[Data items]
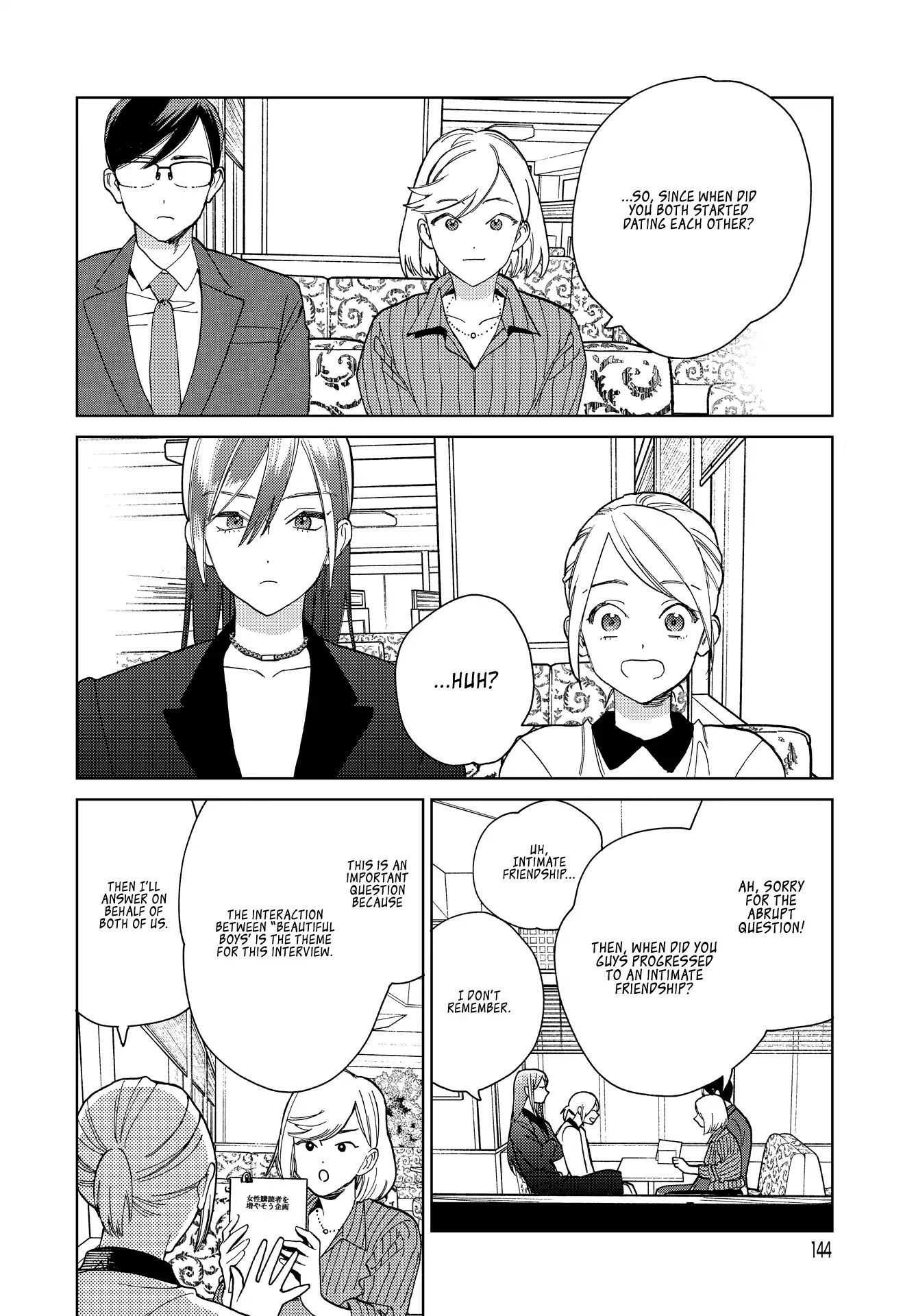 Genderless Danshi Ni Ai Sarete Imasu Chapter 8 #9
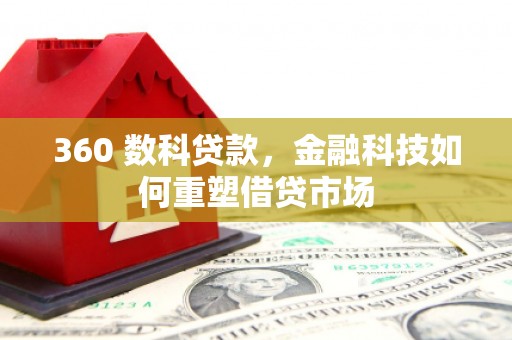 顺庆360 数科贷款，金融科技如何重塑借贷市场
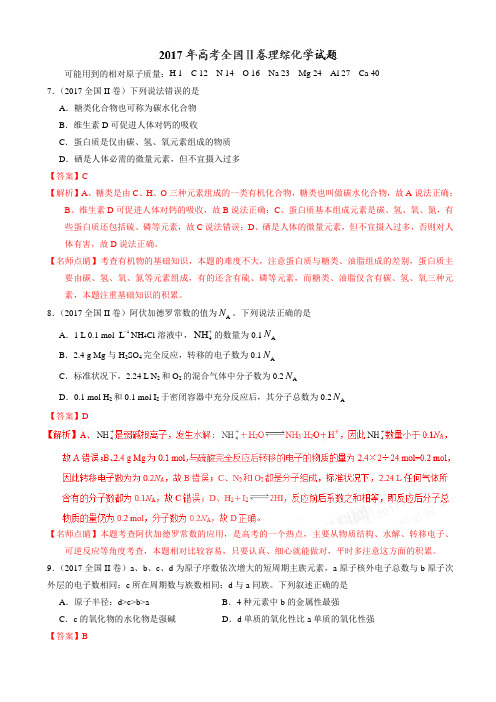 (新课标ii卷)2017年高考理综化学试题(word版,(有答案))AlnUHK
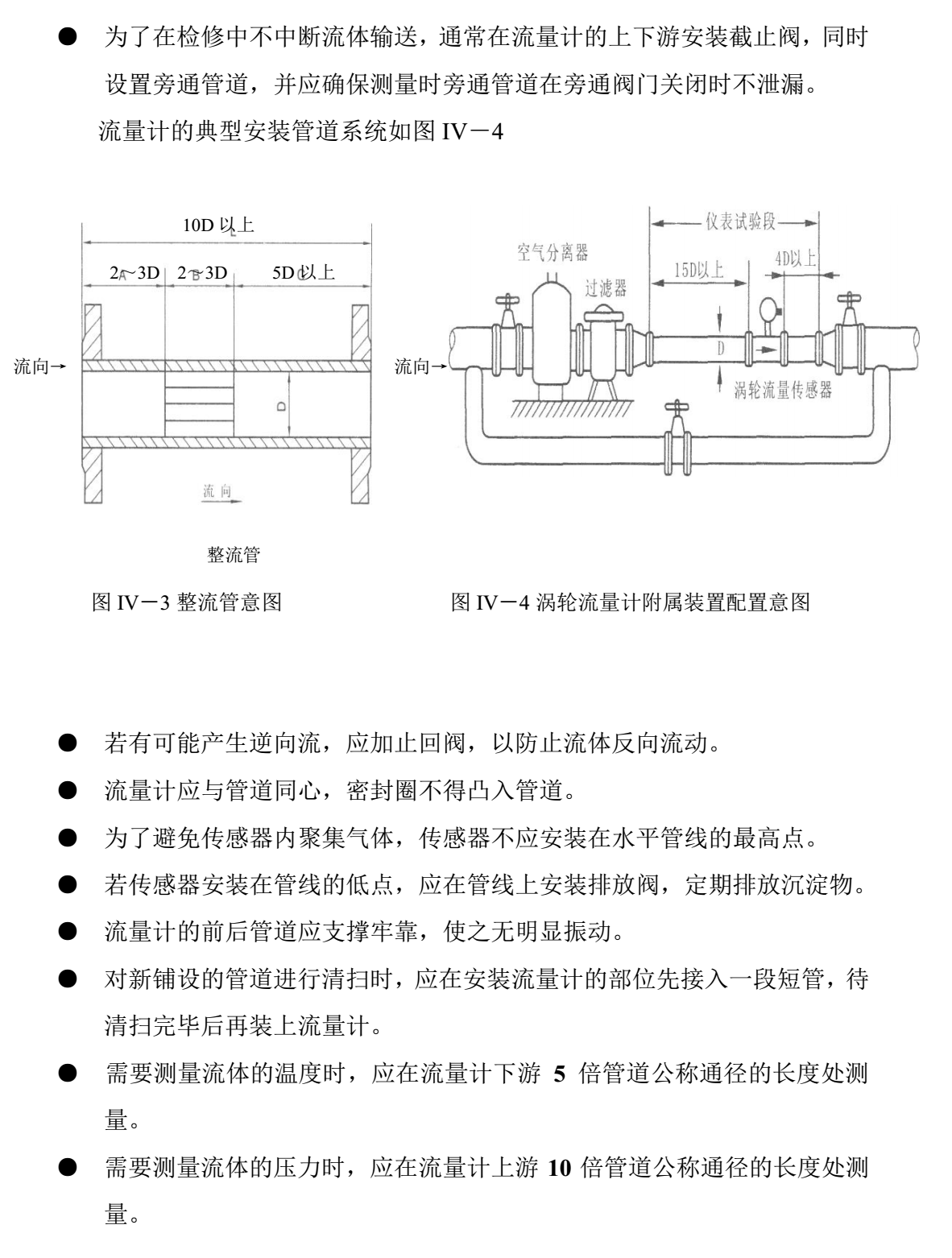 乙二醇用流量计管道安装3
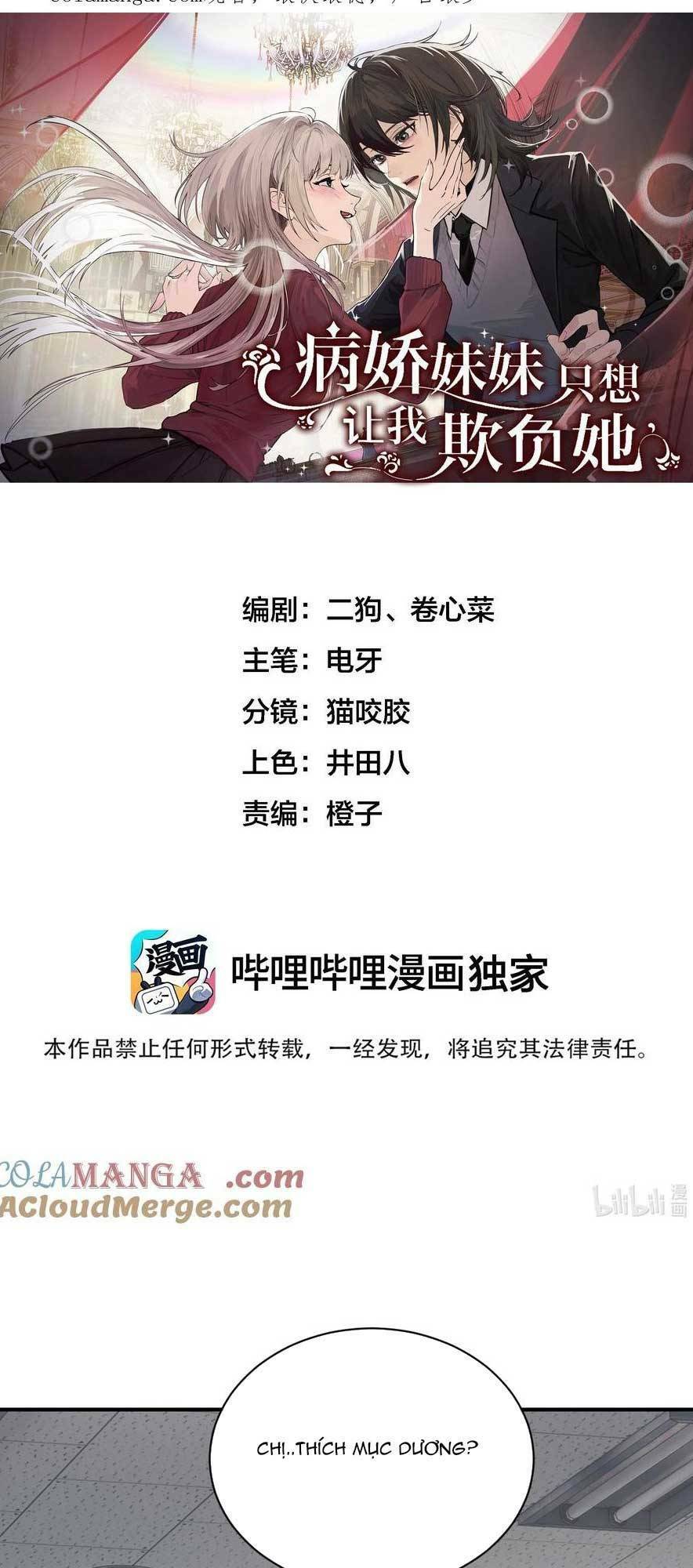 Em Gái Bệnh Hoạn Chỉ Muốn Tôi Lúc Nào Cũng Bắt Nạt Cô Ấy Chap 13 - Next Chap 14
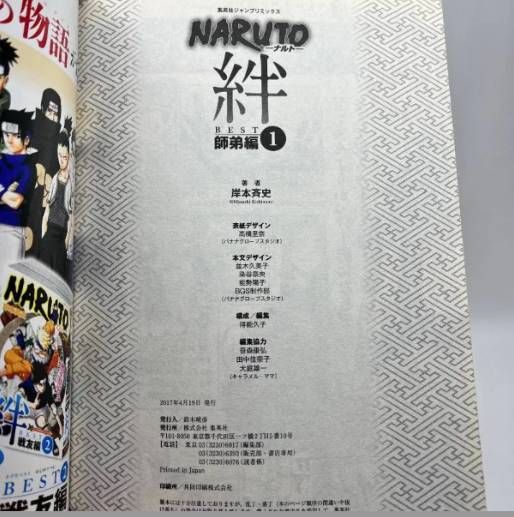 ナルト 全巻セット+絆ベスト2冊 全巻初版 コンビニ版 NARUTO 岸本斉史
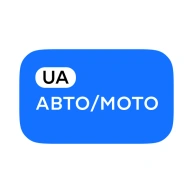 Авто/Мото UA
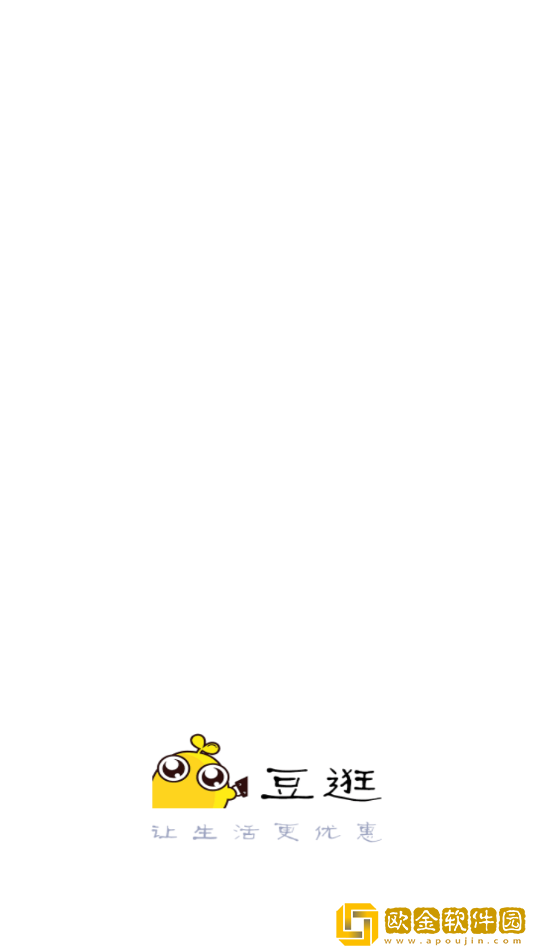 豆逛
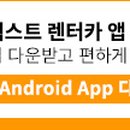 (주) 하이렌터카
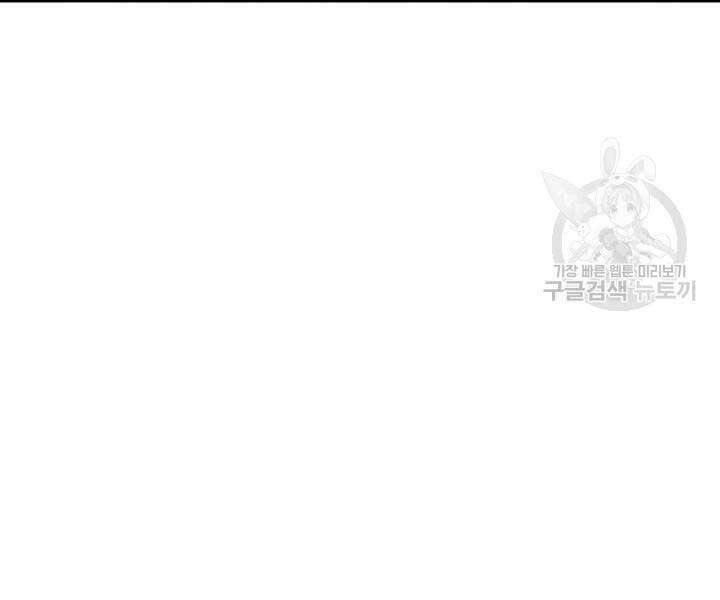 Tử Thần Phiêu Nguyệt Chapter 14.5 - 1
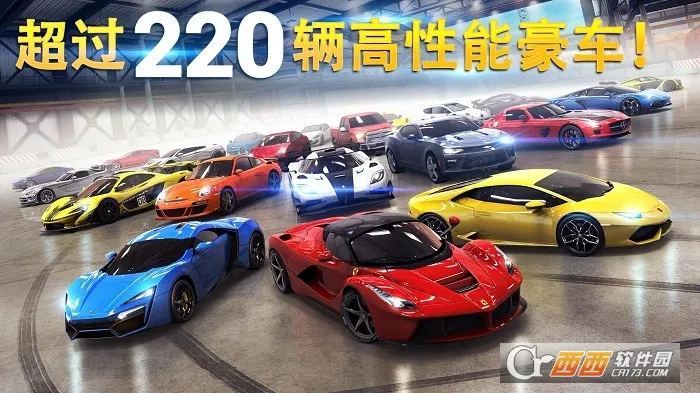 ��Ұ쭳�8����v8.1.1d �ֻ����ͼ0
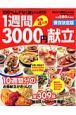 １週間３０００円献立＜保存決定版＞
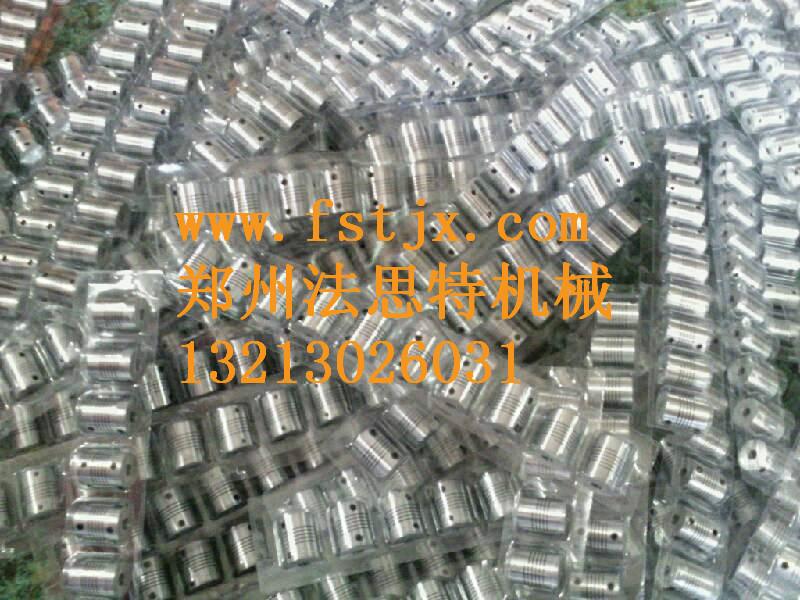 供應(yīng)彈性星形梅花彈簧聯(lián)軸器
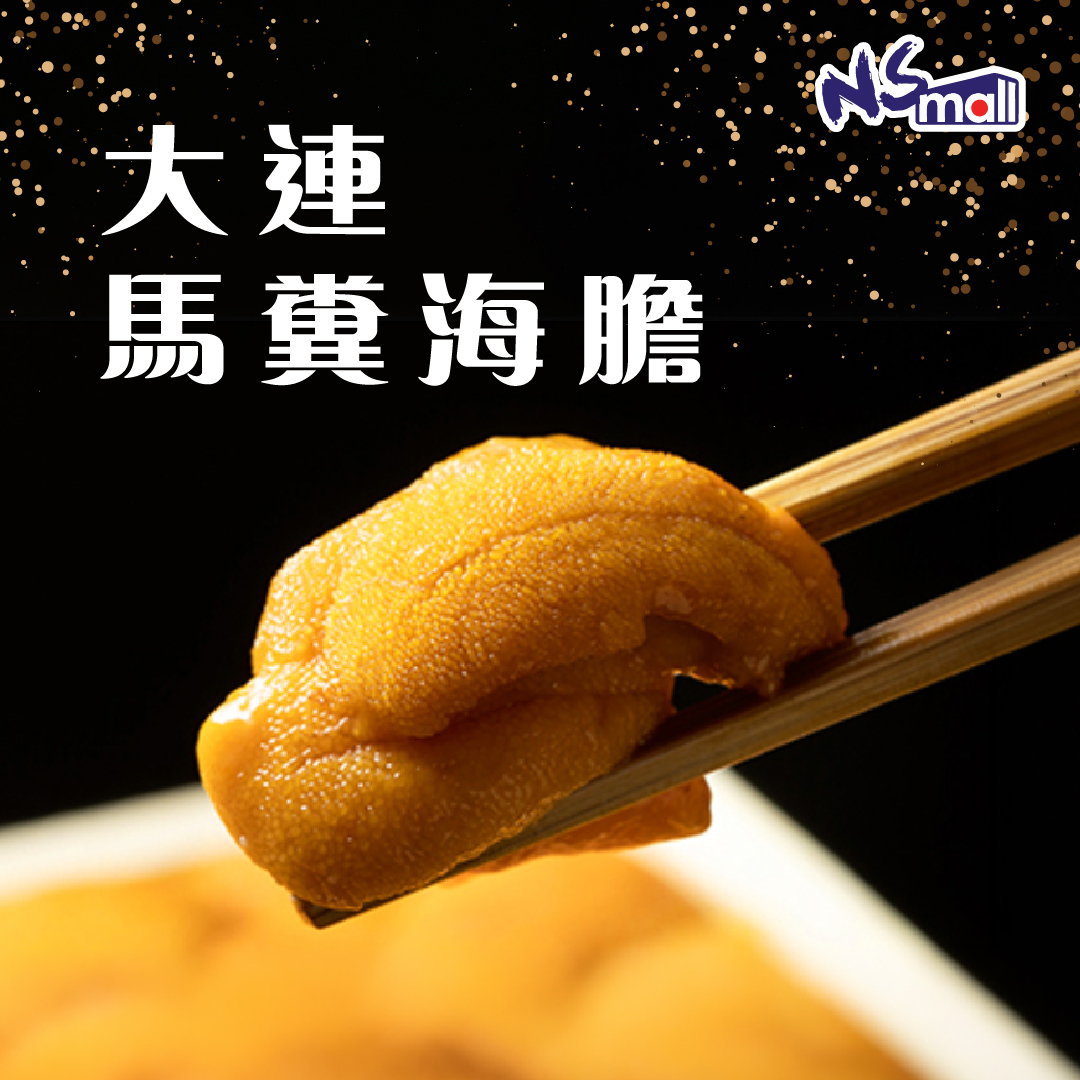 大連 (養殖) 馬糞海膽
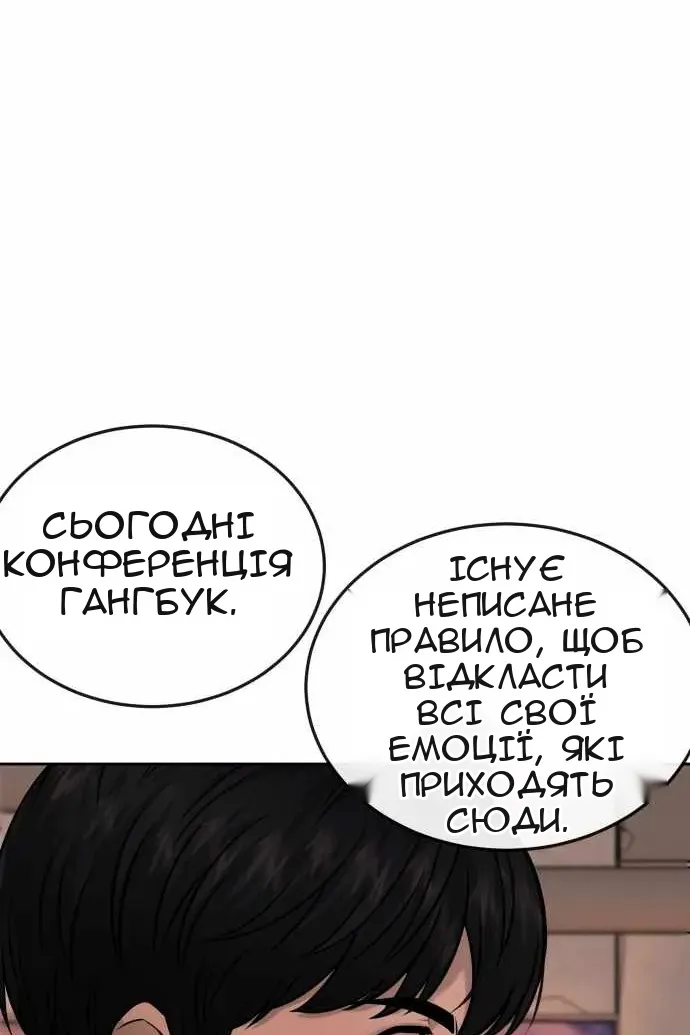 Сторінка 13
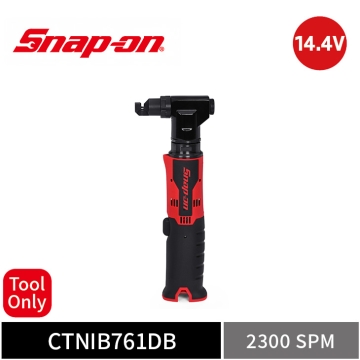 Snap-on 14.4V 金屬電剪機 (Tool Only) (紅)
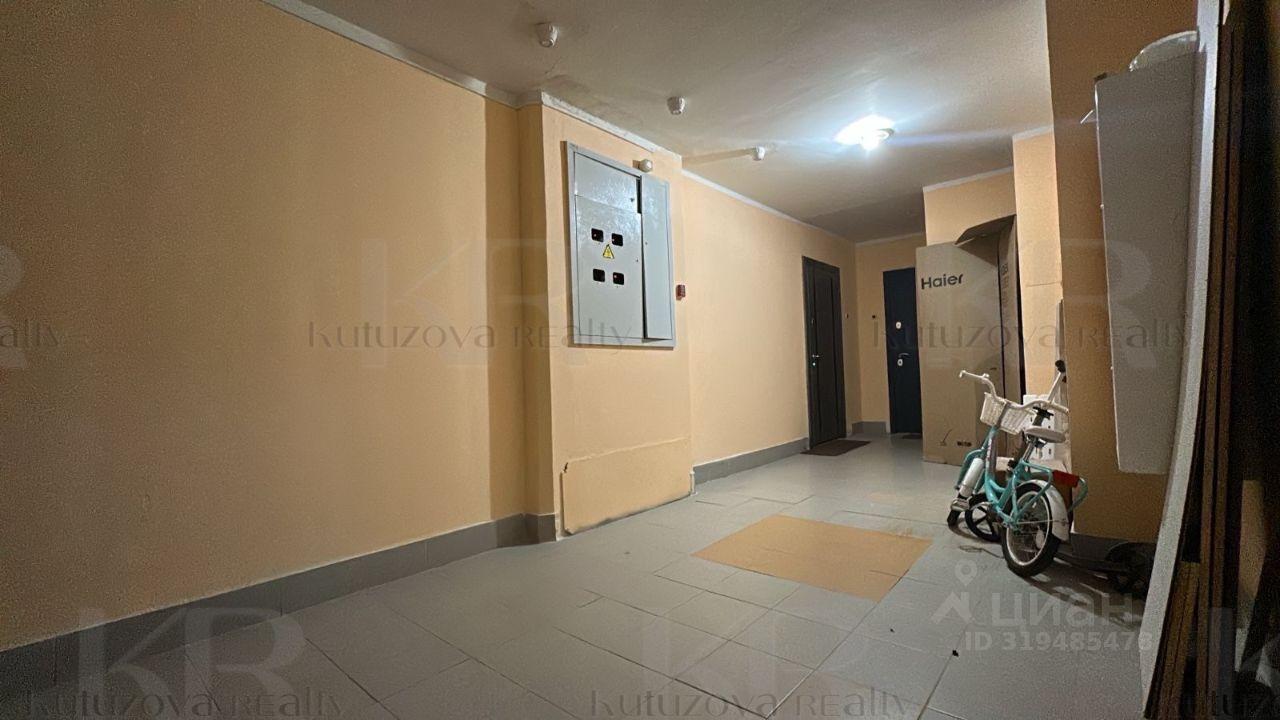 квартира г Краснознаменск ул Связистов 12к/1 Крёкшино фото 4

[PROBLEM TO WORK ON] When you transcribe these entries, keep every word exact and drop the pictures.

[RESPONSE]
 Genderless Danshi Ni Ai Sarete Imasu Chapter 8 #9
 顺庆360 数科贷款，金融科技如何重塑借贷市场
 (新课标ii卷)2017年高考理综化学试题(word版,(有答案))AlnUHK
 乙二醇用流量计管道安装3
 Em Gái Bệnh Hoạn Chỉ Muốn Tôi Lúc Nào Cũng Bắt Nạt Cô Ấy Chap 13 - Next Chap 14
 ナルト 全巻セット+絆ベスト2冊 全巻初版 コンビニ版 NARUTO 岸本斉史
 Авто/Мото UA
 豆逛
 (주) 하이렌터카
 Tử Thần Phiêu Nguyệt Chapter 14.5 - 1
 ��Ұ쭳�8����v8.1.1d �ֻ����ͼ0
 １週間３０００円献立＜保存決定版＞
 供應(yīng)彈性星形梅花彈簧聯(lián)軸器
 大連 (養殖) 馬糞海膽
 Сторінка 13
 Snap-on 14.4V 金屬電剪機 (Tool Only) (紅)
 квартира г Краснознаменск ул Связистов 12к/1 Крёкшино фото 4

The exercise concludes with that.